That’s a good point. Today, you have access to technology that supports the learning process. There’s no reason to avoid it. AnkiApp, for example, is a flashcard app that follows the principle of spaced repetition. With that method, you’re repeating the information you learn on increasing intervals. You freshen up your memory, so you won’t forget the words and grammar rules you adopt.

You could create your own schedule for spaced repetition and design flashcards by hand. With the app, however,
you’re making your life much simpler.

Learn a new language by immersion or language exchange communities

Do you know why you’re easily learning new words when you’re on a vacation? Immersion is the answer. You’re
surrounded by that language. When you go back to your usual environment, the process of forgetting takes place.
You won’t allow that to happen if you recreate the immersive environment. How? Just connect with native
speakers of the language you want to learn.

Are there any native speakers in your area? If you can find them, start making friends. You can also attend a
meetup with people from that country, which is organized in your area.

Finally, start connecting with native speakers through the Bilingua language exchange app. You can easily find relevant people interested in the language and culture that you want to learn. Start talking to them, so you will constantly practice the language.

Remind yourself: learning a language is important!

What does this have to do with memory? When you’re aware of the fact that something is important, you’re
commanding your brain to remember it. The more you’re focused on learning, the longer the information will stay
with you. You’ll be more focused when you understand why you’re doing this.

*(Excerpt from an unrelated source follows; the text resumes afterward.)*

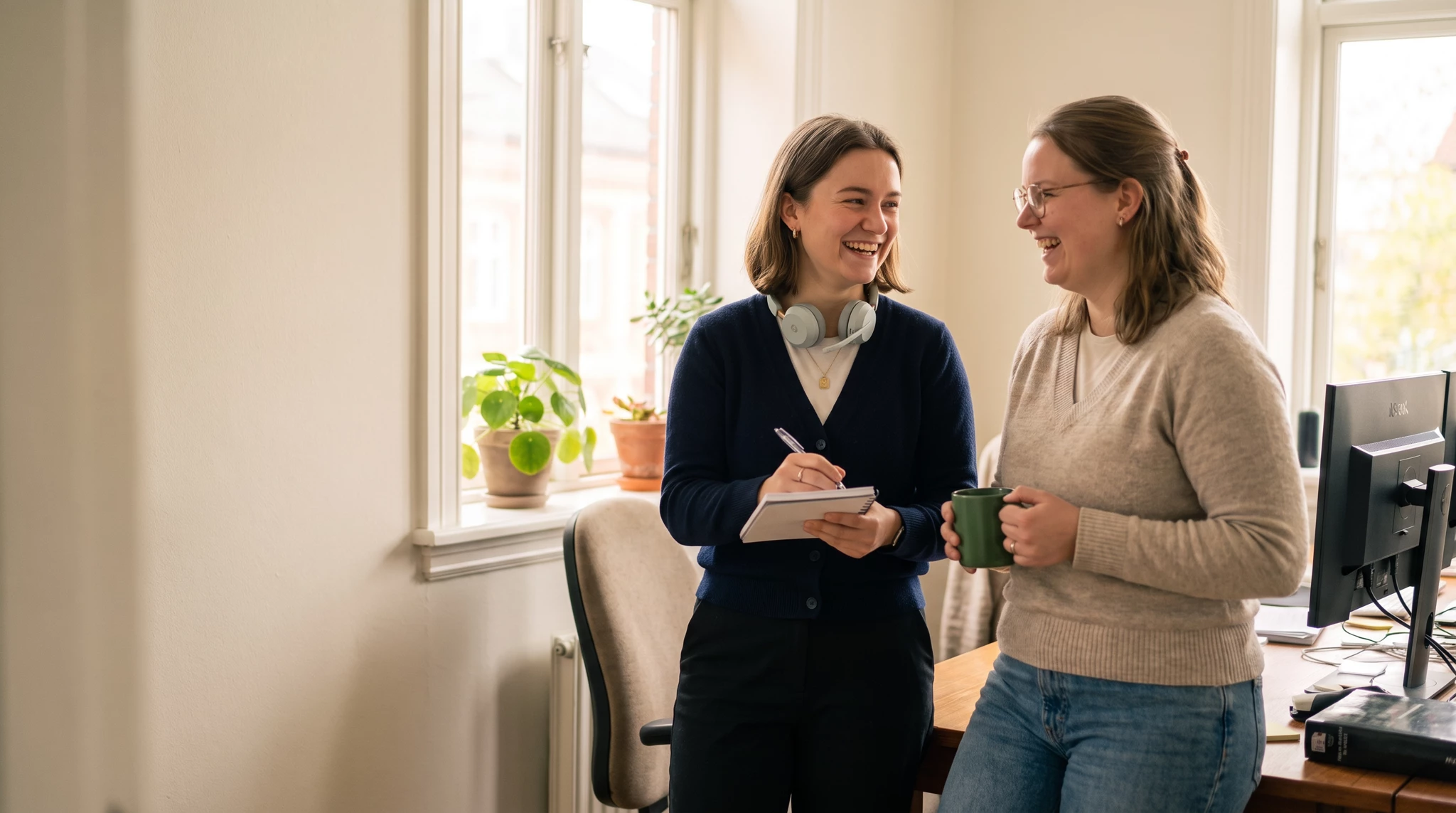Two smiling women chatting in a bright office, one holding a notepad and pen with headphones around her neck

Donna Wilson, an expert in the domain of brain-based teaching, wrote this in a post for Edutopia: “Life is full of
irrelevant information and distractions. When researching a topic online, for example, it’s easy to get sidetracked
by entries that are interesting but not relevant to the task at hand. A key aspect of improving working memory is
developing your ability to attend to what’s important now.”

Watching movies is a fun way to learn a new language

The key to success is practice. That’s a golden rule that may sound like a cliché, but it’s true. When you’re not able to find native speakers in your area and you’re not that good at Skyping, how do you recreate the immersion? How do you practice?

ESL teacher, Ted Kliff has the answer: “I encourage my students to improve their memory by watching movies and TV series. I teach English, so I have plenty of choices. My recommendations depend on the students’ age, but I usually go for animated movies or series with clear speech that’s not based on slang. ‘Friends’ is a nice example.”

Make a list of movies and TV shows in the language you’re learning. Start watching them. When you’re listening to that language, it’s unlikely that you’ll forget about it. If you want to take this method up a notch, start repeating
what the actors say. Get your dictionary and check the words you don’t understand. Write them down. This will
definitely help you remember more of the language.

Don’t forget: learning a foreign language is fun!

Learning a new language is an enjoyable experience. You hear strange words and you get amused with your own silly pronunciations. With time and practice, however, you’ll get better. Time can have a devastating effect on your memory, so fight the decay with more practice! You’ll be able to do that if you follow the tips above.